Da giorni la presidente del Consiglio Giorgia Meloni insiste: “Non sono isolata in Europa”, ripete ogni volta che gli capita un microfono o un taccuino sotto il naso. C’è da capirla: “L’autorevolezza dell’Italia nel mondo” è un caposaldo della sua propaganda e il travestimento da statista è servito proprio per legittimarla nei consessi internazionali.
La premier non trova nessun leader europeo che sia disposto a seguirla sulla balzana idea che la questione umanitaria possa essere secondaria alla questione politica
In Europa Meloni è talmente poco isolata che nonostante i ripetuti incontri e confronti di questi ultimi giorni con i capi di Stato europei l’unico risultato è una letterina d’intenti consegnata alla stampa con un leader che guida un Paese che nell’Unione europea non c’è più: la Gran Bretagna di Rishi Suniak. Meloni e Suniak hanno preso carta e penna per spiegarci che “solo impedendo il flusso di migranti irregolari possiamo ripristinare la fiducia dei cittadini britannici e italiani nei nostri confini nazionali e nella cooperazione internazionale”.

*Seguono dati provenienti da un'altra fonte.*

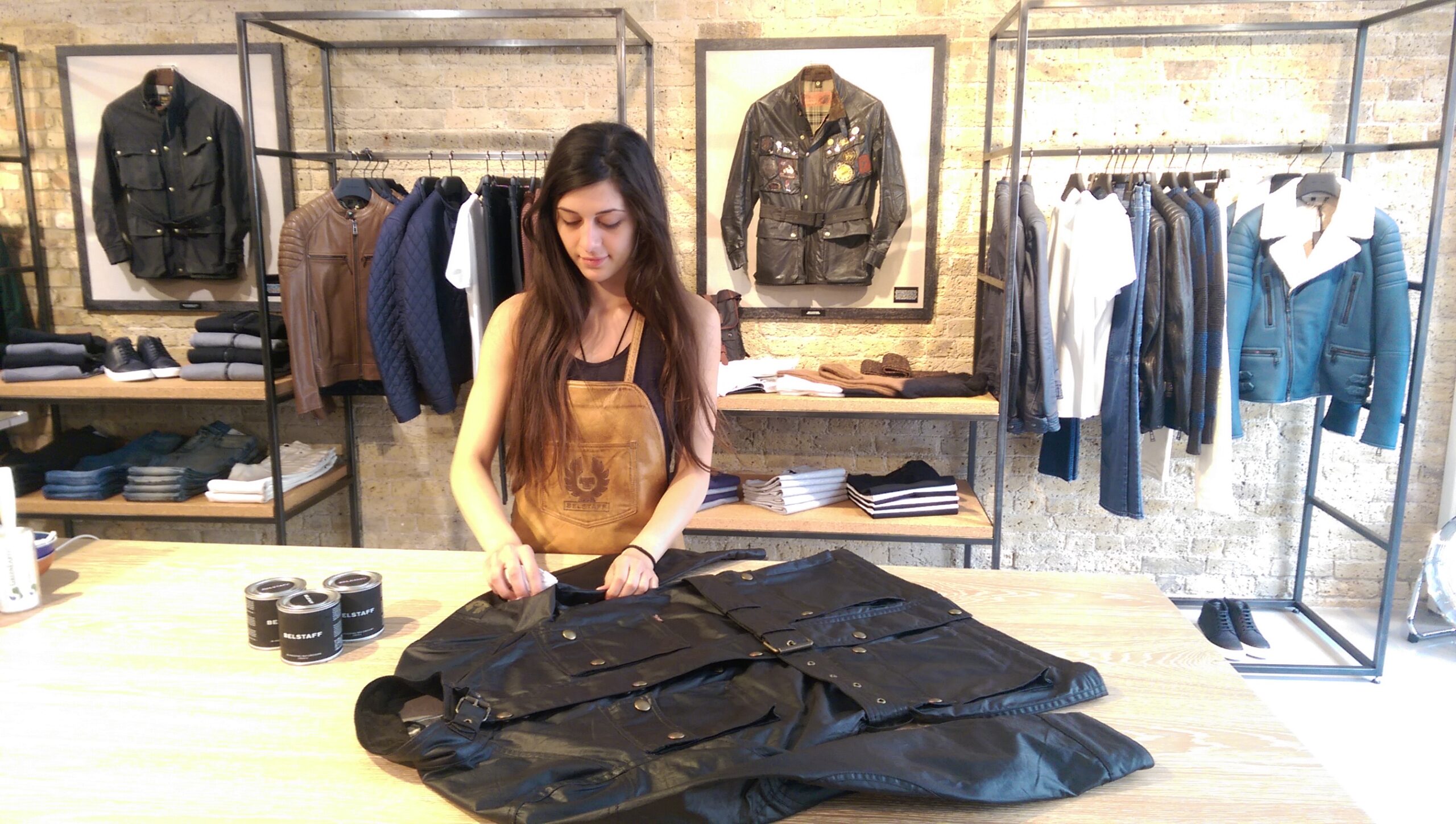 Wax Jacket Treatment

A nessuno dei due è balenato il dubbio che uno Stato nel cuore del Mediterraneo che si affaccia sull’Africa abbia problemi molto diversi dallo Stato britannico. A nessuno dei due è venuto il dubbio che dopo giorni in cui la presidente del Consiglio italiana ripete dappertutto che l’immigrazione è “una questione europea” suona piuttosto stonato che se ne parli con uno Stato extra Ue.
La ragione fondante di quella missiva è chiara: Meloni non trova nessun leader europeo che sia disposto a seguirla sulla balzana idea che la questione umanitaria possa essere secondaria alla questione politica. Avrebbe potuto firmare quella lettera con qualche suo amico ultra sovranista, ma avrebbe aumentato l’isolamento. Così s’è rifugierà da Suniak.